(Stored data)
[Start of section]

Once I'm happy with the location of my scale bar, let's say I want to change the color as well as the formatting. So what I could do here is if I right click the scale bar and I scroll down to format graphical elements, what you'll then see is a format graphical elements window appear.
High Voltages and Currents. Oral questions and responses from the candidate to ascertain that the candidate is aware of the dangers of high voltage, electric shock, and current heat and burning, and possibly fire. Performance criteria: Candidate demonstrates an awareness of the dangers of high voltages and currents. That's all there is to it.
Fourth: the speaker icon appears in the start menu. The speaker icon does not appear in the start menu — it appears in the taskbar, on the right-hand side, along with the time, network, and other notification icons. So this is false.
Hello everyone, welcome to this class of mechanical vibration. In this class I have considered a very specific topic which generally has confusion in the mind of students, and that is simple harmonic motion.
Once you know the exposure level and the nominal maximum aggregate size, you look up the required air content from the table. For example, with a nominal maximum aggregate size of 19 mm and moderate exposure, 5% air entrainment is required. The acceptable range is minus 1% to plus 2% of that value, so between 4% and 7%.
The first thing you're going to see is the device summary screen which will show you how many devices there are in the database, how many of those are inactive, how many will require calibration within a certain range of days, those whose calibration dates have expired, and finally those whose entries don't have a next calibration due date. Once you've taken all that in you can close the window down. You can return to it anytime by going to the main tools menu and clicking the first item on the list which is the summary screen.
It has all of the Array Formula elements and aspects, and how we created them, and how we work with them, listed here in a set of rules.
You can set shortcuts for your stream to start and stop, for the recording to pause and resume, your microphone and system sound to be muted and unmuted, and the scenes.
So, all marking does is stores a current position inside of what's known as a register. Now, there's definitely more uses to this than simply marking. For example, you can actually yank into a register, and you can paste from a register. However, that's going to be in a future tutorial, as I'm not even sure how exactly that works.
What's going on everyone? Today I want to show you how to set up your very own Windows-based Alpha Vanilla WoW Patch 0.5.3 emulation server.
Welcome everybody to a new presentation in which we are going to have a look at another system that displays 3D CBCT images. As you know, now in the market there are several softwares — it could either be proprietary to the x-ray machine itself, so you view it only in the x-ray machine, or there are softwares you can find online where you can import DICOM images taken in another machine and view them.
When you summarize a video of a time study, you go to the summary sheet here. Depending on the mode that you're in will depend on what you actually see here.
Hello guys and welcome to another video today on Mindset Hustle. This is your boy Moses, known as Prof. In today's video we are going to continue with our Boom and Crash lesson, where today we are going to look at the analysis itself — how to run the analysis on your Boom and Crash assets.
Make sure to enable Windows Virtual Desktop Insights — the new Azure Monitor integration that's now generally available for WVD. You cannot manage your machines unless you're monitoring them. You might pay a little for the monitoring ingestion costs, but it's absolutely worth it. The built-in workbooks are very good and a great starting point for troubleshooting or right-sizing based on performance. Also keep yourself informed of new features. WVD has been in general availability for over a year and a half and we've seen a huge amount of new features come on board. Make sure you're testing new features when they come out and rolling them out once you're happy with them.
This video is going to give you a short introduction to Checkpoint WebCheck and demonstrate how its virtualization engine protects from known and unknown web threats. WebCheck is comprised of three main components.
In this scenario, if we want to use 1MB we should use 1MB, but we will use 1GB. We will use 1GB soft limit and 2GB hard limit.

[End of section]

> [Exercise requirements]: Go through the lines above and copy any that contain "everyone".

> [Your solution]:
Hello everyone, welcome to this class of mechanical vibration. In this class I have considered a very specific topic which generally has confusion in the mind of students, and that is simple harmonic motion.
What's going on everyone? Today I want to show you how to set up your very own Windows-based Alpha Vanilla WoW Patch 0.5.3 emulation server.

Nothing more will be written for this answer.